Your reply should consist only of the lines from the one with "Surosolve Limpiador de" through the end of the entries, transcribed exactly. Pictures stay out.

**********

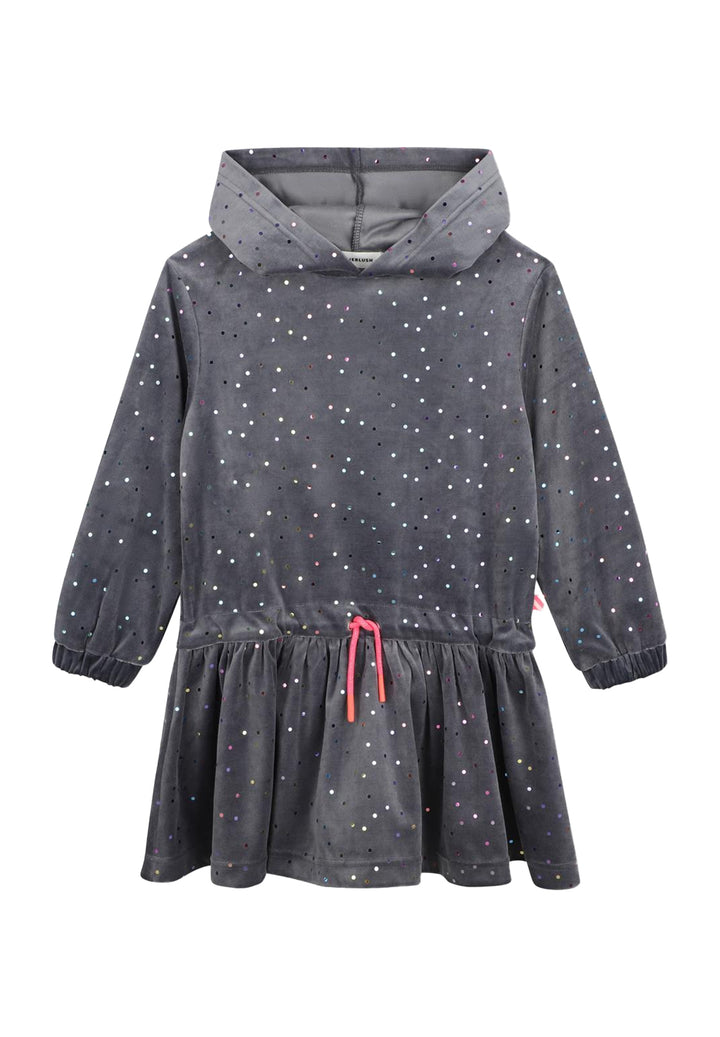 Vestito grigio per bambina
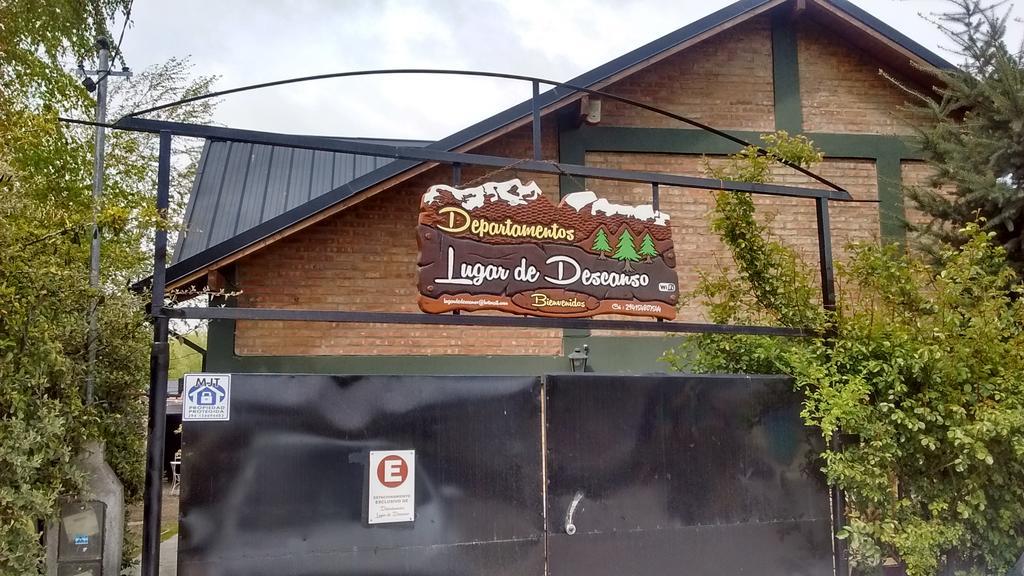 Departamentos Lugar De Descanso 埃博森 外观 照片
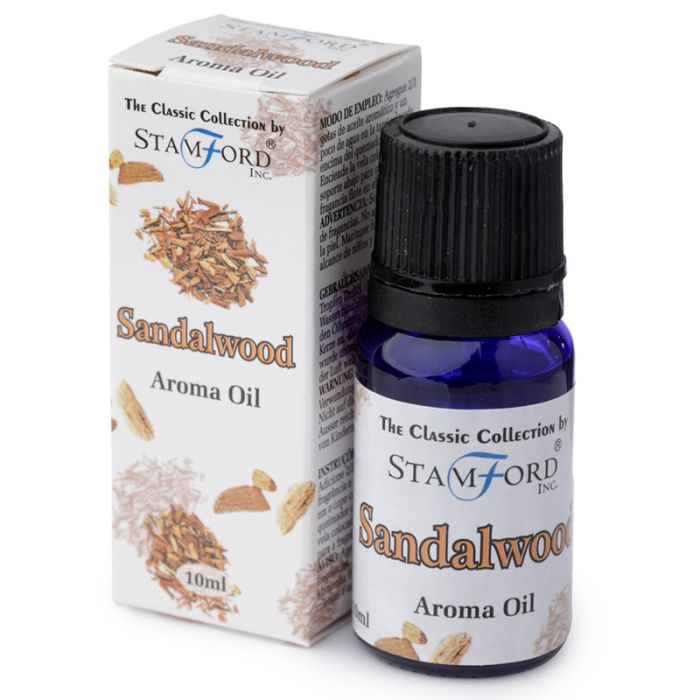 37635 Olio Aromatizzato Stamford 10ml - Sandalo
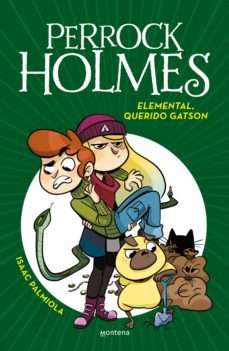 perrock holmes 3:  elemental, querido gatson-9788490436288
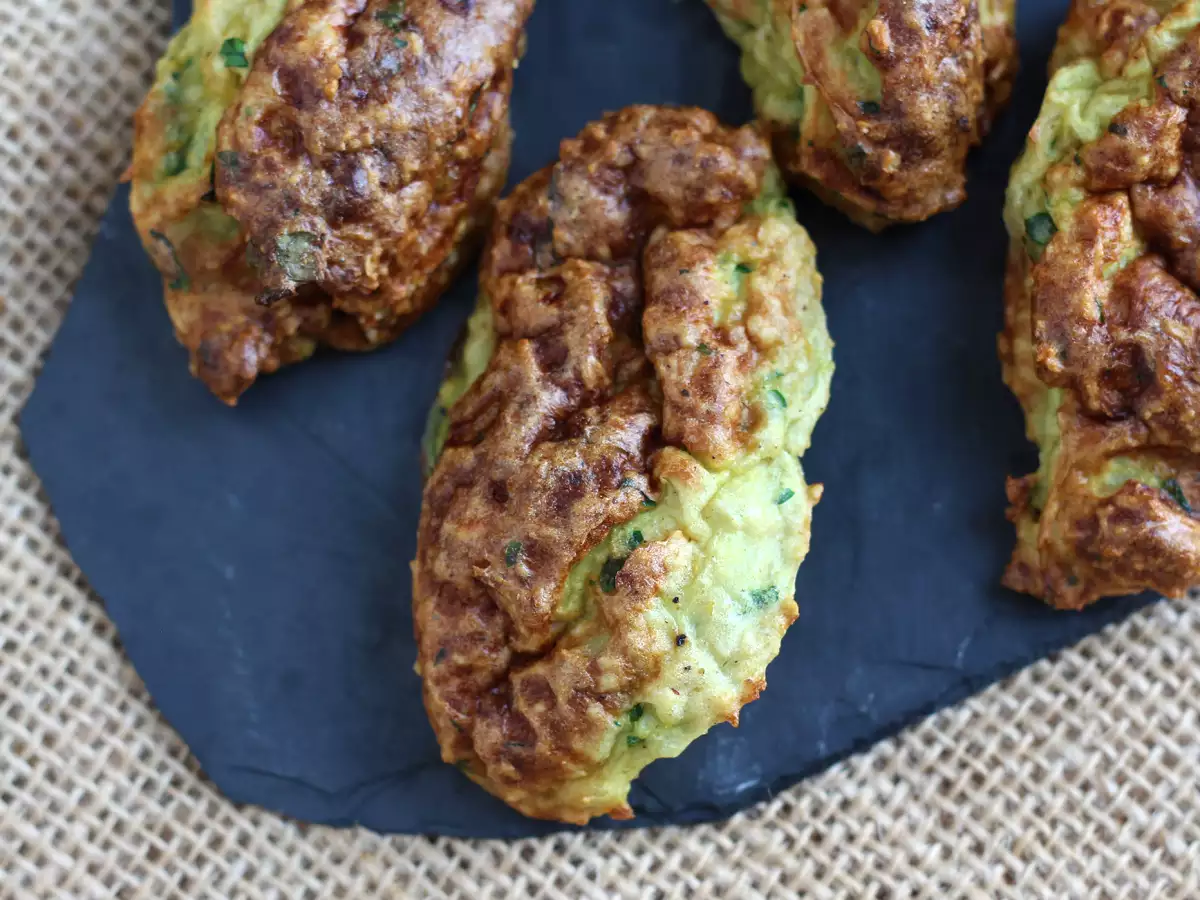 Рибни крокети с лимон, за хапване от цялото семейство! - снимка 4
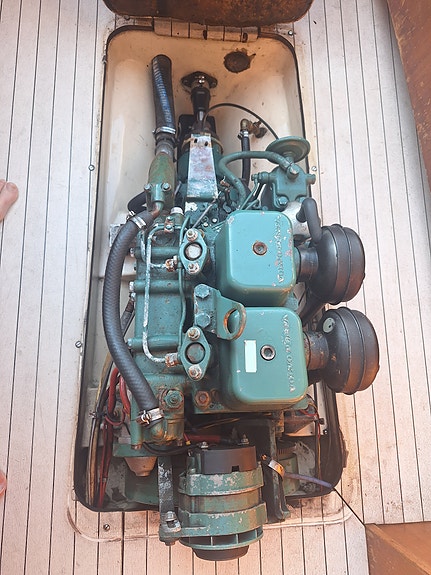 Monark 690, Volvo Penta MD 11 C 12 of 15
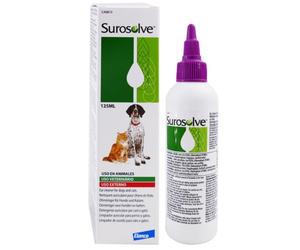 Surosolve Limpiador de Oídos para Perros y Gatos 125 ml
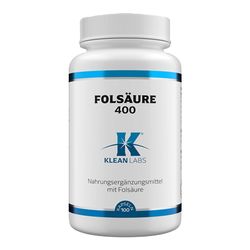 FOLS�URE 400 �g KLEAN LABS Kapseln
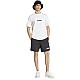 Tričko adidas Single Jersey Linear Tee M JE9000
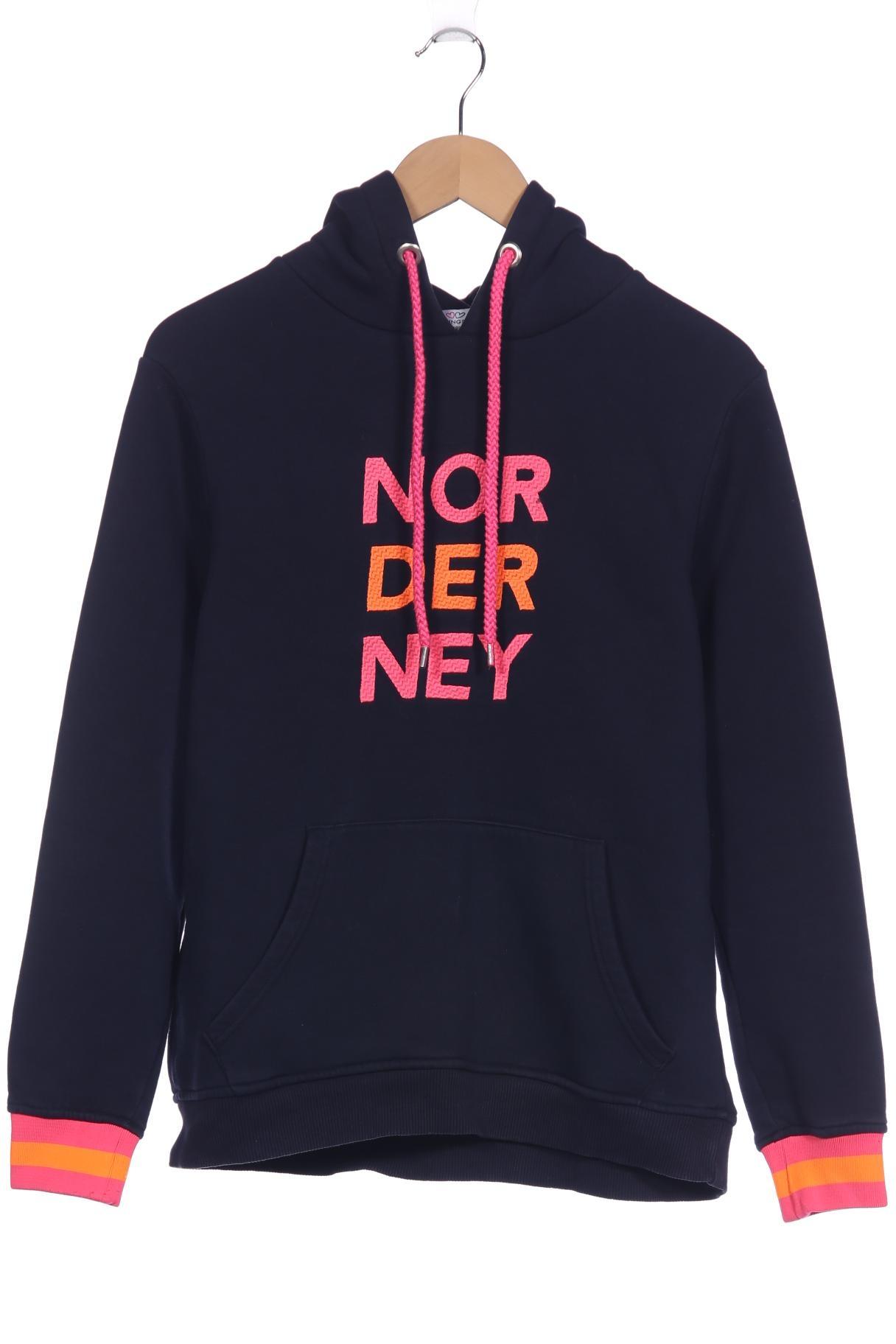 

Zwillingsherz Damen Kapuzenpullover, marineblau, Gr. 34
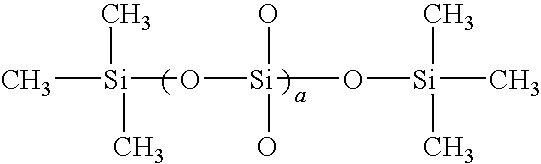 Crosslinked silicone polymers based upon spider esters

**********

■ OUTPUT ■
 Surosolve Limpiador de Oídos para Perros y Gatos 125 ml
 FOLS�URE 400 �g KLEAN LABS Kapseln
 Tričko adidas Single Jersey Linear Tee M JE9000

Zwillingsherz Damen Kapuzenpullover, marineblau, Gr. 34
 Crosslinked silicone polymers based upon spider esters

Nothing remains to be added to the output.